Question

A bicyclist consumes 9.0 L of water over the span of 3.5 hours during a race. Making the approximation that 80% of the cyclist’s energy goes into evaporating this water (at 20°C) as sweat, how much energy in kcal did the rider use during the ride? (Hint: See page 399.)

Short answer

The rider uses \(6.6 \times {10^3}\;{\rm{kcal}}\) energy during the ride.

Step-by-step solution

Given data

Water consumed by the cyclist is\(V = 90\;{\rm{L}}\).

Let the rider use Q energy during the ride.

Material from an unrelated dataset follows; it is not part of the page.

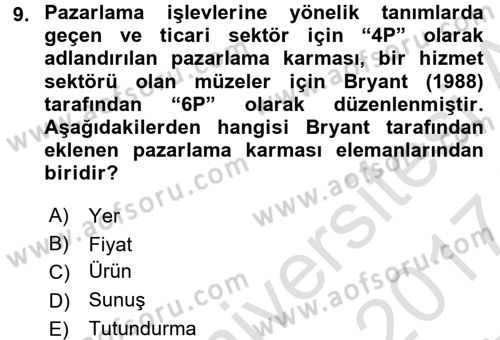 Müzecilik ve Sergileme Dersi 2016 - 2017 Yılı (Final) Dönem Sonu Sınav Soruları 9. Soru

Assume that the total consumed water gets vaporized.

Concepts

The mass of 1 L water is 1 kg.

The heat absorbed by the water to evaporate is equal to the 80% energy of the cyclist.

Calculation of part (a)

The mass of 9.0 L water is \(m = 9\;{\rm{kg}}\).

The latent heat of vaporization is \(L = 585\;{\rm{kcal/kg}}\).

\(\begin{aligned}{c}\frac{{80}}{{100}}Q = mL\\Q = \frac{{100}}{{80}}mL\\Q = \frac{{100}}{{80}} \times \left( {9\;{\rm{kg}}} \right) \times \left( {585\;{\rm{kcal/kg}}} \right)\\Q = 6.6 \times {10^3}\;{\rm{kcal}}\end{aligned}\)

Hence, the rider uses \(6.6 \times {10^3}\;{\rm{kcal}}\) energy during the ride.